What is required: Only the lines from the one containing "Red Semi Truck" through the last line below belong in your copy; transcribe them exactly and omit any pictures.

Recorded data:
Segment Open

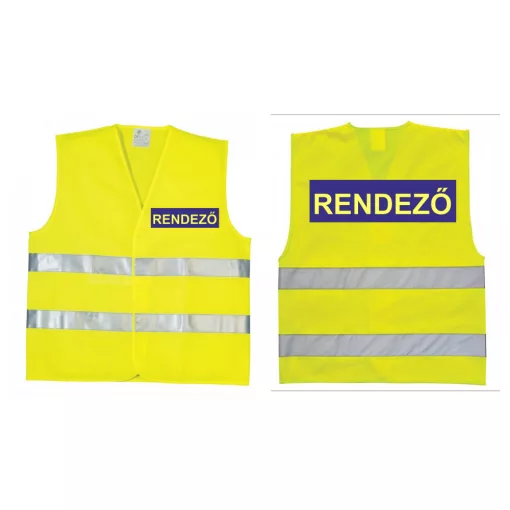 Láthatósági mellény RENDEZŐ felirattal, sárga biztonsági mellény fesztiválokra, fényvisszaverő rendezvényszervező mellény.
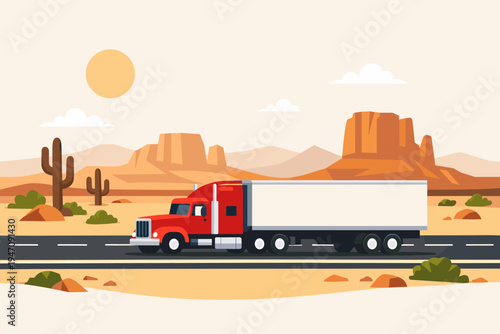 Red Semi Truck with White Trailer Driving on a Desert Highway Road with Mountains and Cacti Landscape Background, Flat Vector Illustration for Logistics, Freight, Shipping, and Delivery Concepts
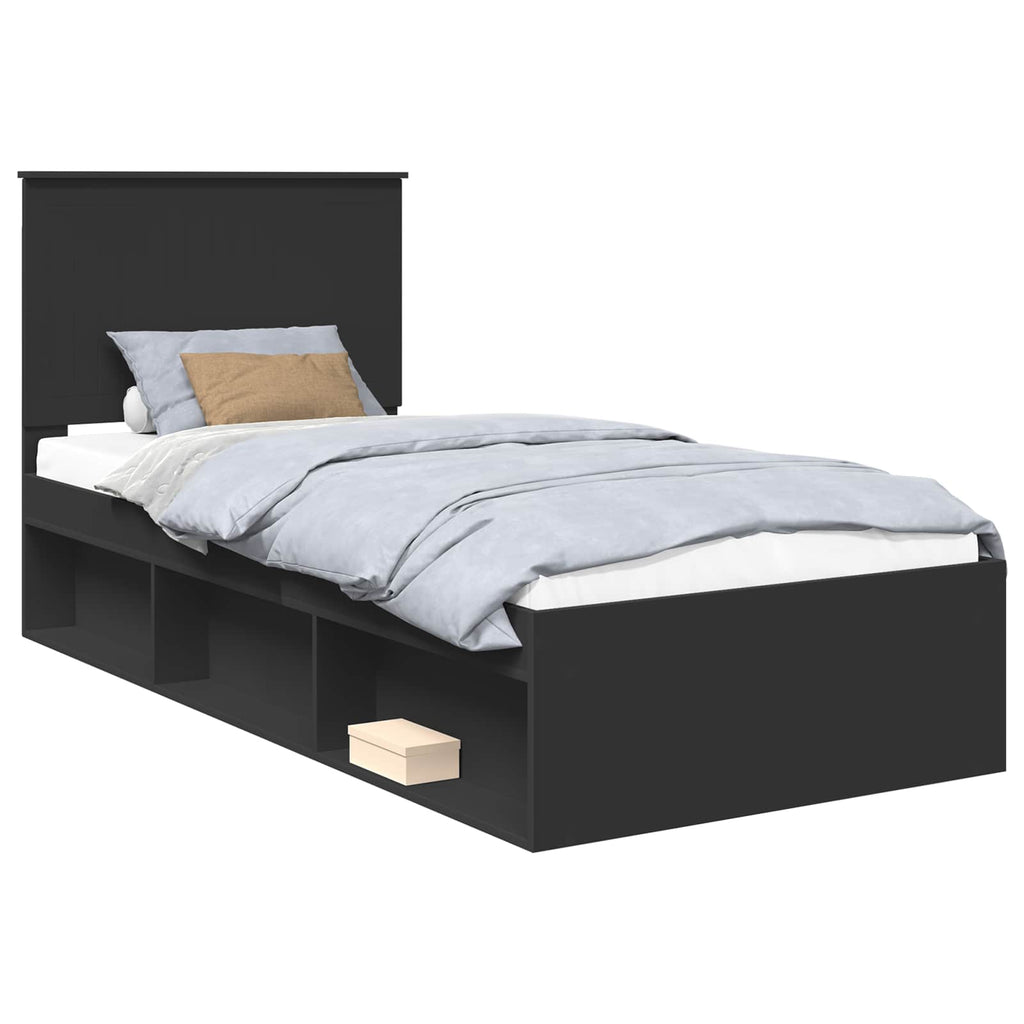 vidaXL Ramka łóżka Z zagłówkiem Czarny 90 x 200 cm Lite drewno sosnowe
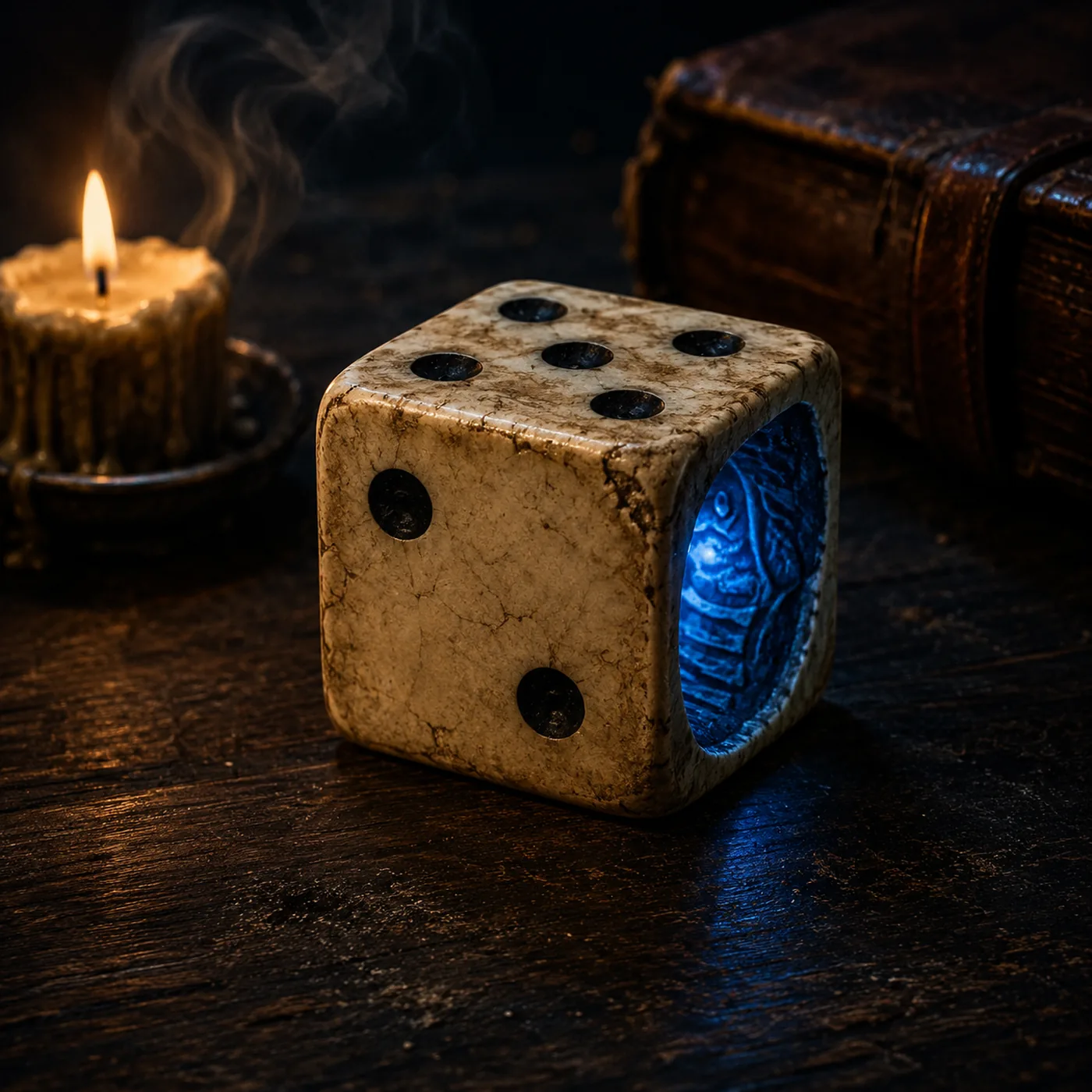 Dé ancien abîmé dont une face ouverte révèle une lueur bleue.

Segment Closed

Output for this exercise:
 Red Semi Truck with White Trailer Driving on a Desert Highway Road with Mountains and Cacti Landscape Background, Flat Vector Illustration for Logistics, Freight, Shipping, and Delivery Concepts
 vidaXL Ramka łóżka Z zagłówkiem Czarny 90 x 200 cm Lite drewno sosnowe
 Dé ancien abîmé dont une face ouverte révèle une lueur bleue.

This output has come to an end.